M.G. Siegler linked to this Daniel Levitin NYT article from last summer about the way the brain works.

The article explains that our brains have two basic operating modes: a focus mode that gets things done and a wandering or daydreaming mode that allows for neural resets and fosters creative breakthroughs. Both modes are necessary, and both are being challenged as never before with the information overload most of us experience every day.

The author recommends dedicating chunks of time, 30 minutes to an hour, say, to focus on a project without distraction. And build in breaks between focused time to allow the mind to wander, to daydream. Here is Levitin’s advice:

“If you want to be more productive and creative, and to have more energy, the science dictates that you should partition your day into project periods. Your social networking should be done during a designated time, not as constant interruptions to your day.

Email, too, should be done at designated times. An email that you know is sitting there, unread, may sap attentional resources as your brain keeps thinking about it, distracting you from what you’re doing. What might be in it? Who’s it from? Is it good news or bad news? It’s better to leave your email program off than to hear that constant ping and know that you’re ignoring messages.

Increasing creativity will happen naturally as we tame the multitasking and immerse ourselves in a single task for sustained periods of, say, 30 to 50 minutes. Several studies have shown that a walk in nature or listening to music can trigger the mind-wandering mode. This acts as a neural reset button, and provides much needed perspective on what you’re doing.”

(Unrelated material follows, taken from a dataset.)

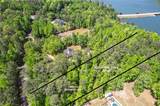 45 Cornish Trace Drive - Photo 4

Turn off any unnecessary pings on your devices. I’ve known people whose phones audibly alert them every time an email arrives. Insane. This article has prompted me to turn off email notifications on my phone’s lock screen and even to disable the badge noting the number of unread emails on the app icon.

Twitter and email and messaging apps should serve my needs. They don’t need to control me and make me jump at every new input. What if I responded to email just once each day? What if the only apps open on my Mac were the ones I was actively using?

This is hard to do. It’s so tempting to keep checking to see if anything new has appeared in any of my many internet collection buckets. But even blocking off 30 minutes to work with focus, without distraction, on something important can lead not only to a more productive work life, but to a saner, calmer life as well. Close the door if you can. Put on headphones. Shield yourself from pings and alerts.

And go take a walk. Get outside. Wander the halls. Change your perspective regularly for a reset before going back into focus mode. Experiment for yourself and see what works best for you.

Find a rhythm that nature, and your neural wiring, expects and seems most conducive for productivity and creativity and peace of mind. Focus. Wander. Focus. Wander.

Got it? Okay. Going on a walk. Right. Now.